Daughter of America


Lucia Zettler, Website Editor

I am a daughter of America. I speak in broken Spanish, with jumbled conjugations and butchered words that make my mother scowl. When I visit my grandfather’s homeland, where his family worked on a sugarcane plantation, I relish the sweet foods of the island that I will never remember the names of. At food stands, I keep toward the back, begging my mother to order for me.

I am a daughter of America. I frown at the poverty around Puerto Rico, offering my pity as we pass a house with a sunken tarp flung over it, serving as a pathetic makeshift roof before returning my gaze to the pale blue glow of my cell. 

I am a daughter of America. I gasp and point as we pass abandoned buildings. Somewhere, my grandfather’s old house is one of them. The wood will eventually decay and rot as the island swallows the home, but the concrete base will stick around, its paint gradually becoming soiled by graffiti and vines. 

I am a daughter of America. I mourn the loss of my mother’s culture, something passed down from generation to generation, so easily cut off at me. When she was young she spent her summers in Puerto Rico, exploring the island with her cousins and chewing sugarcane that her grandfather sliced for them. Her chocolate eyes light up as she tells me stories of his sweetness and the things he would sacrifice for family. 
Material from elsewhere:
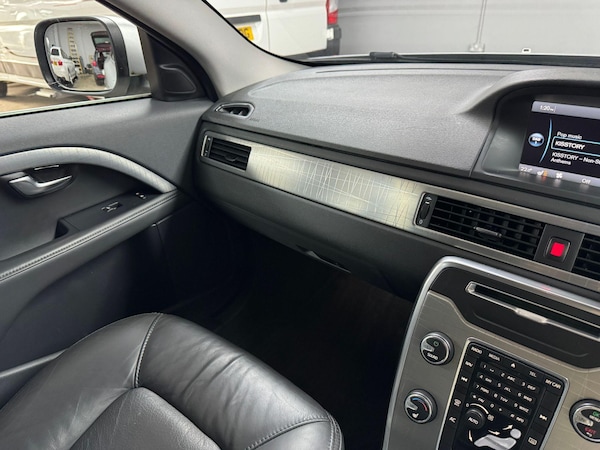 Used Volvo XC70 2014 for sale - 74822544: Photo 61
I am a daughter of America. It’s difficult for me to grasp the raw beauty of Puerto Rico’s culture, sprinkled with lovely little things that I long to enjoy as if they were my own. I know that, as I grow older, I’ll leave Puerto Rico behind, too consumed with school and work to return regularly, and all those lovely little things will slip through my fingers as if they were grains of sand, leaving only a faint trail of lost memories behind.